Engineer Luo Lai Quan from China, who has been in Singapore for a year, confessed his homesickness in a poem about his mother.

"This is not something I've actually told her," said the 32-year-old in Mandarin. "On the phone, we talk about simple things, like her health. I don't want her to worry."

Contest organising committee member Shivaji Das, 38, said it plans to work harder next year on reaching out to groups such as migrants from Myanmar and foreign sex workers, who, due to the limitations of their work passes, stay in Singapore for only a few months.

The committee is also working with volunteers in other countries to start similar migrant poetry contests. A Malaysian version has been running for two years now, while an Abu Dhabi edition is slated to start next year.

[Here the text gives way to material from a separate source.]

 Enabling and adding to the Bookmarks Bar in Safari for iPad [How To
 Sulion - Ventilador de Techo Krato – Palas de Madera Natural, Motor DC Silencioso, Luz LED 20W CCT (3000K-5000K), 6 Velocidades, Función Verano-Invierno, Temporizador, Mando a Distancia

Poet Alvin Pang, who judged this year's entries along with playwright Haresh Sharma and last year's Golden Point Award Chinese poetry winner Chen Yu Yan, was heartened at the bigger venue and bigger response.

Pang, 44, said: "I'm glad to see more and more people aren't taking these workers for granted, but understand they come from cultures and traditions that are deeper and more artistic than our own."

He added that he was happy to see women made up two-thirds of the entrants. "So many of us have domestic helpers, but don't imagine they have an intellectual life. This blows that wide open."

Indonesian maid Susilowati, another finalist, scribbles fragments of poetry on the backs of supermarket receipts in her scant free time.

"Most of the time, I just throw them into the dustbin," said the 26- year-old, who learnt of the contest through Aidha this year.

"Until now, I didn't know there was a poetry competition for people like me."